Subsequent researchers put more emphasis on soil salts. Justus von
Liebig (1803-73) took this idea to the limit, claiming that all
plant growth was based on simple salts and that the soil played
only a limited role as a nonliving physical support system. This
formed the basis for the reigning chemical theory of soil fertility.
More recently, however, organic farmers and researchers have expounded
a different view of plant fertility, one which emphasizes the entirety
of the soil, rather than simple chemical salts present therein,
as the essential life-giving medium for plants. We believe the living
soil provides nutrients that are vital for healthy plant growth
and productivity. Therefore, we advocate growing systems that feed
the soil, not the plant, as the best agricultural strategy.
Started in 1981, The Rodale Institute Farming Systems Trial®
(FST) provides an excellent stage for testing the validity and practicality
of these dramatically contrary principles, thanks to years of synthetic
chemical fertilization in the conventional plots and soil building
practices in the organic systems.
Initially, existing FST soil nitrogen levels were unable to meet
the needs of corn, but after four years of organic soil management,
corn yields reached levels statistically identical to those in the
conventionally managed system.
Tracking nitrogen in agricultural systems
In 1987 and 1988, the fate of nitrogen from ammonium sulfate fertilizer
in the conventional system, and from red clover in the organic systems,
was measured using labeled Nitrogen isotope 15. This isotope tagging
allowed the researchers to find: 1) how much nitrogen was absorbed
by crops; 2) how much was captured in the soil; and 3) how much
nitrogen was lost to the environment.
The results showed that more fertilizer than legume N (40 percent
and 17 percent respectively) was directly recovered by corn plants.
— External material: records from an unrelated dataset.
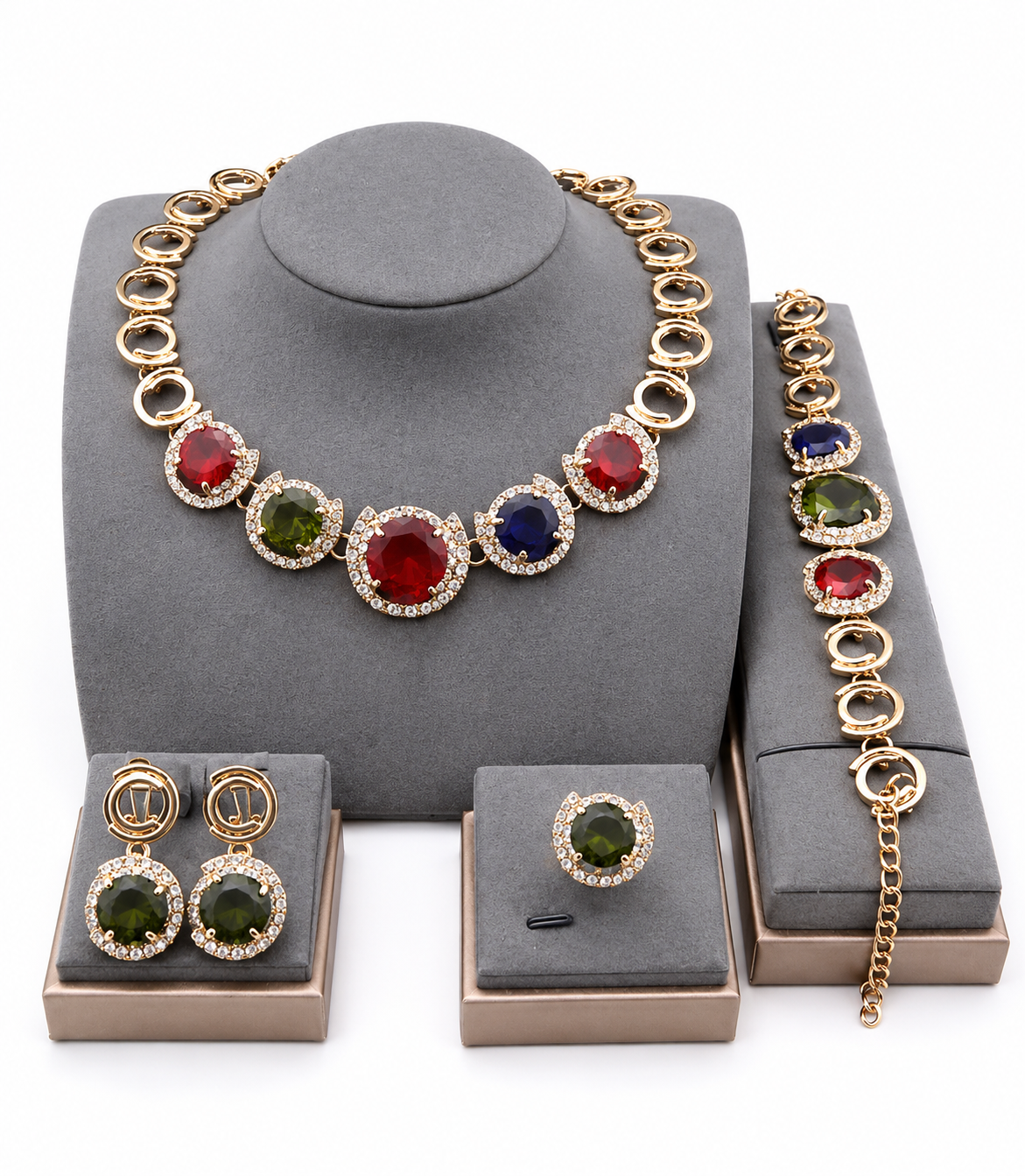 Prestige Multicolor Crystal Jewelry Set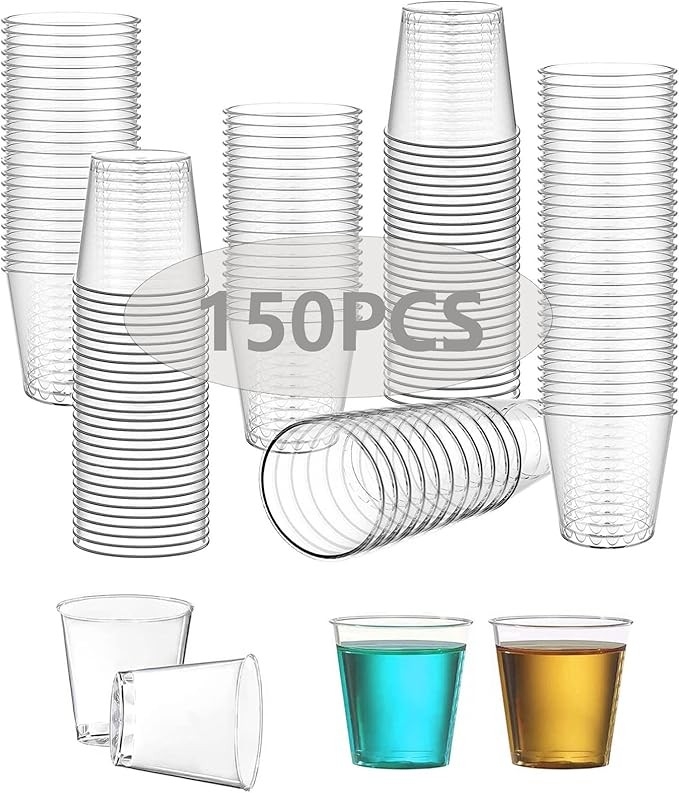 plastikowe kieliszki, kieliszki do shotów, kubki imprezowe,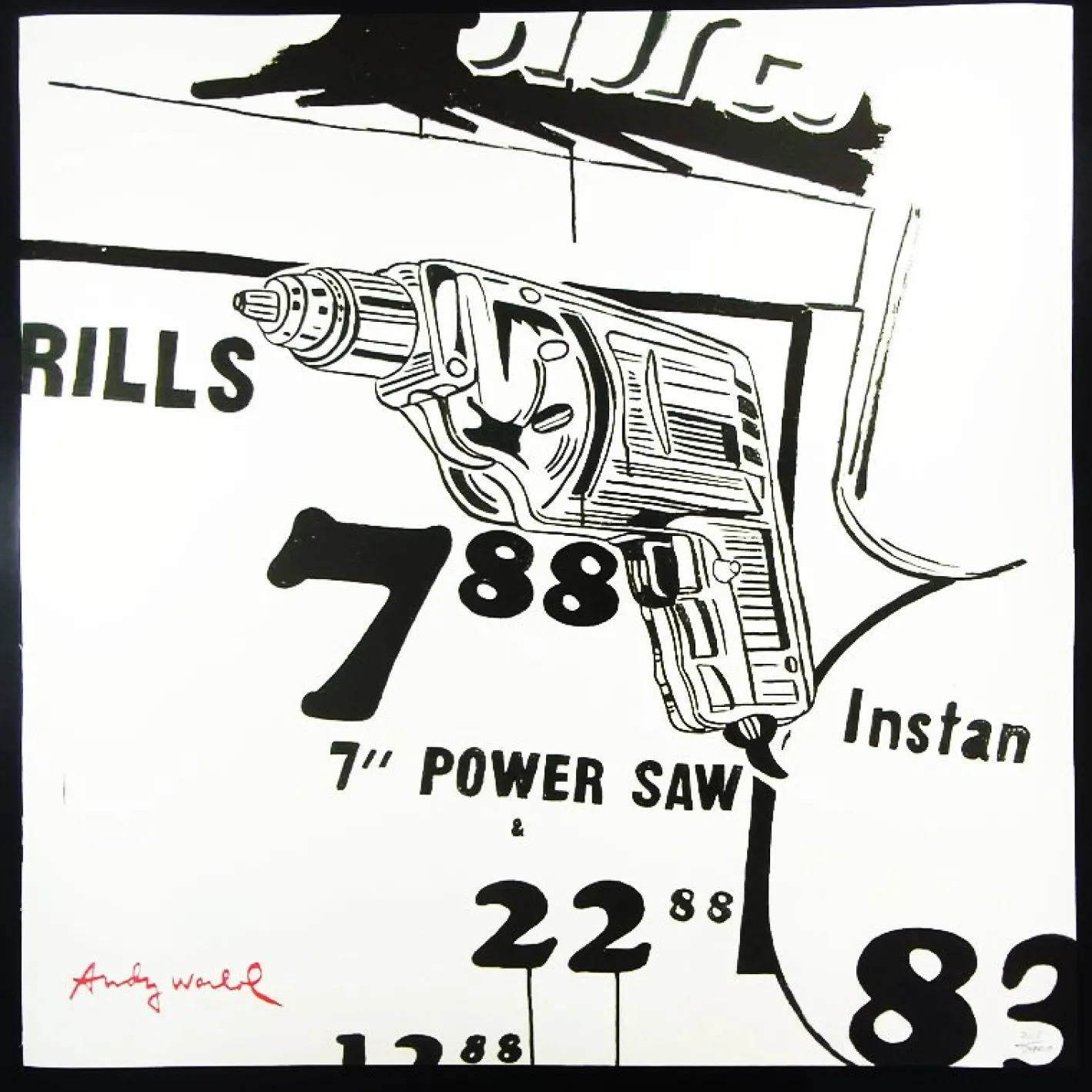 After Andy Warhol, Drills, 1980er, Lithographie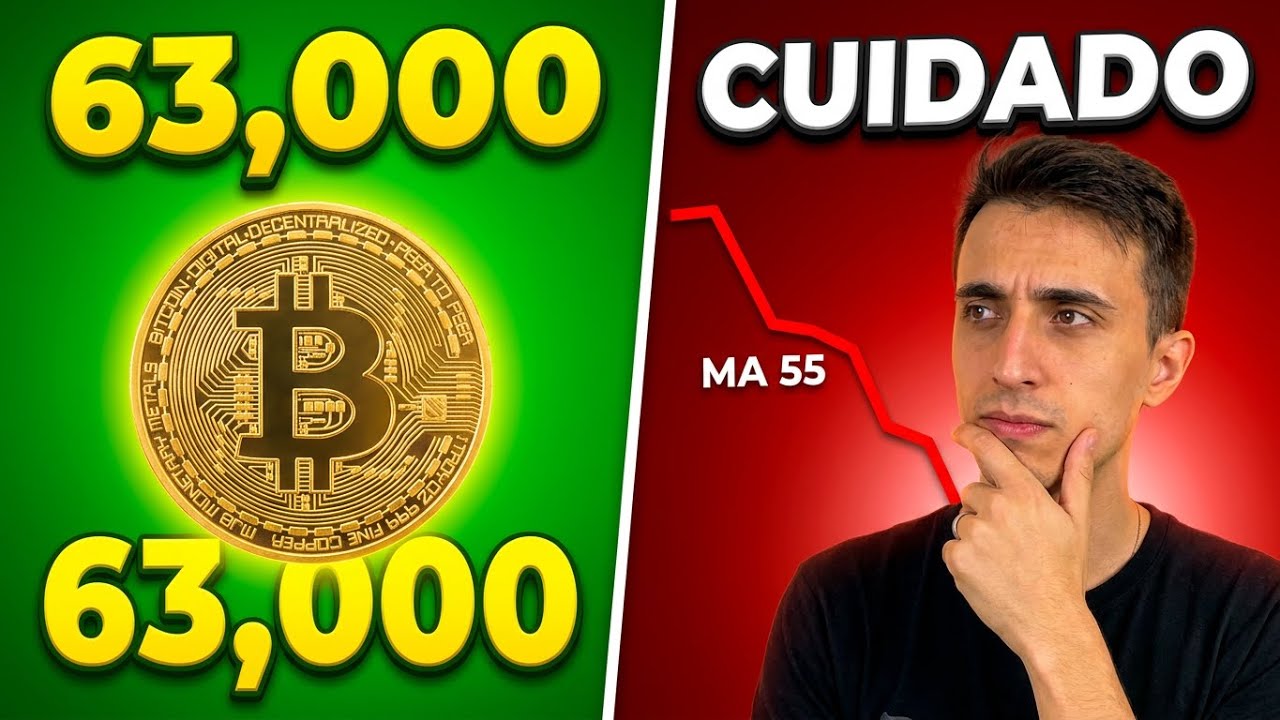 BITCOIN A 63K: &iexcl;CUIDADO CON LA MEDIA DE 55 en 4hrs! 📉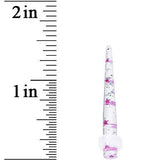 6G Clear Acrylic Glitter Purple Star Confetti Taper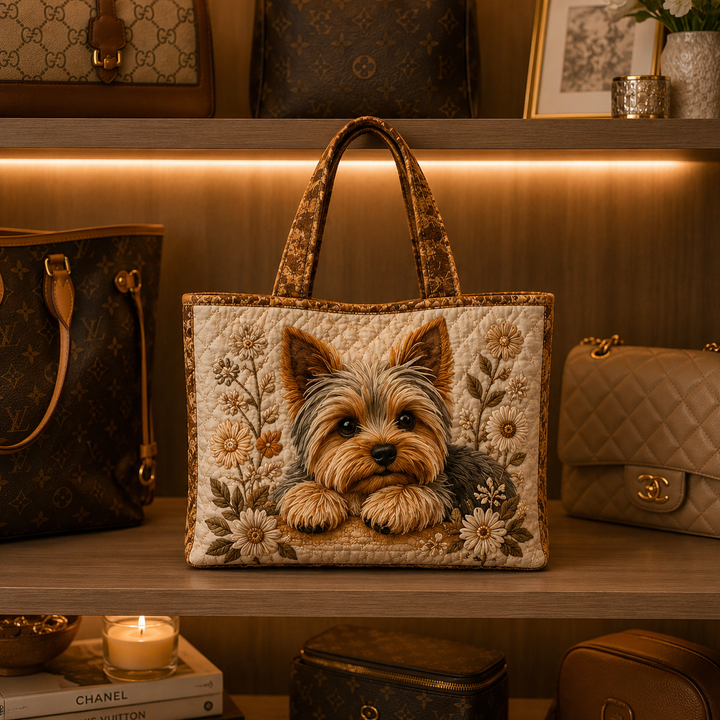 Bolso Tote Acolchado - Adorable Yorkshire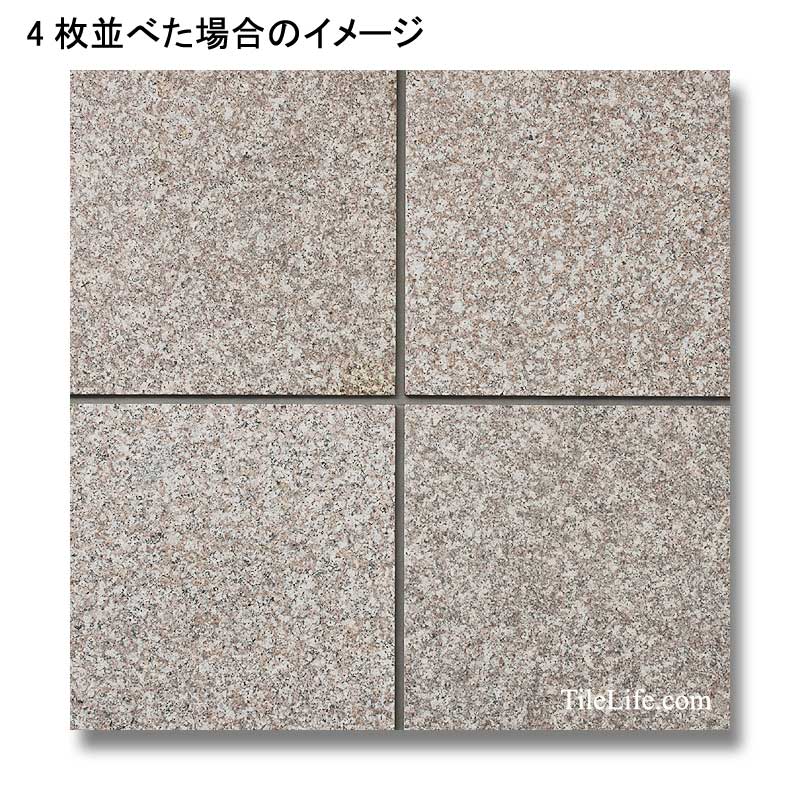 G664 600角 ジェットバーナー仕上げ 御影石 (メーカー: XRO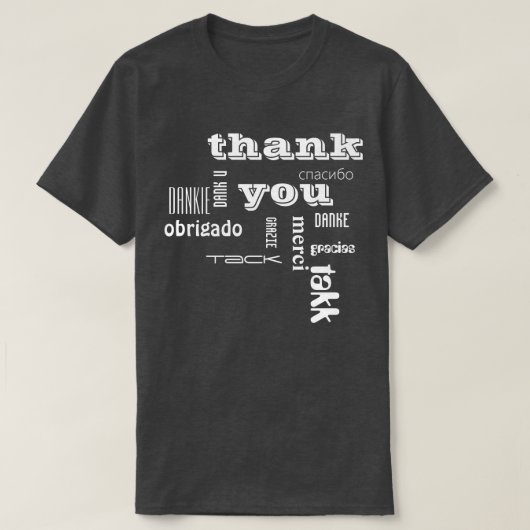 thank you t-shirt (Design voorkant)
Since corn yields were equivalent, these data suggest that organically
managed soils were able to provide a large proportion of the corn’s
N requirements.
A second major finding was that organic legume N was retained in
the soil to a much greater extent than fertilizer N (47 percent
and 17 percent respectively). The ability of legume N to be stored
in soil is an essential element of organic management, since it
allows crops to utilize soil resources more efficiently. This explains
one mechanism for the soil building that occurs under organic management.
The study also discovered that in the first year after application,
38 percent of the fertilizer N was lost to the environment, compared
to 18 percent of the legume N. These data show that the rapid availability
of N from chemical sources is a mixed advantage at best, providing
rapid plant response but also precipitating serious environmental
impacts. This supports the claim that organic systems provide better
environmental performance compared to systems based on chemical
fertilizers.
Feeding the microbes
Finally, tagged N was recovered and measured in soil microbial
biomass. Organically managed soils fertilized with legume N developed
3.6 times as much tagged microbial biomass as soils fertilized with
conventional chemical N sources (18 percent and 5 percent respectively).
Click
here for graph
But what about the living soil hypothesis? Measurements of microbial
activity through respiration rates showed that, in the legume organic
system, activity was 2.36 times higher than that of the conventional
system (130 micrograms of carbon dioxide per gram compared to about
55 micrograms respectively).
To illustrate the effects of weather on the organic and conventional
systems, 2005 provided a pretty severe drought, and 2004 brought
the highest rainfall during a crop season in more than 50 years.
In both years, the organic systems thrived and were more productive
than the conventional system. This is because the healthy, living
soil served to retain more nitrogen under heavy rainfall, and helped
to capture and retain water more efficiently under scarce rainfall,
making both vital elements more available for the crop plants.
With climate change creating environmental “whiplash”
throughout the world, it’s time for us to give Liebig’s
approach a rest and start looking more seriously at the living soil
to support our crops. This strategy works under the toughest conditions
and helps to improve agri-environmental conditions to pass along
to future generations.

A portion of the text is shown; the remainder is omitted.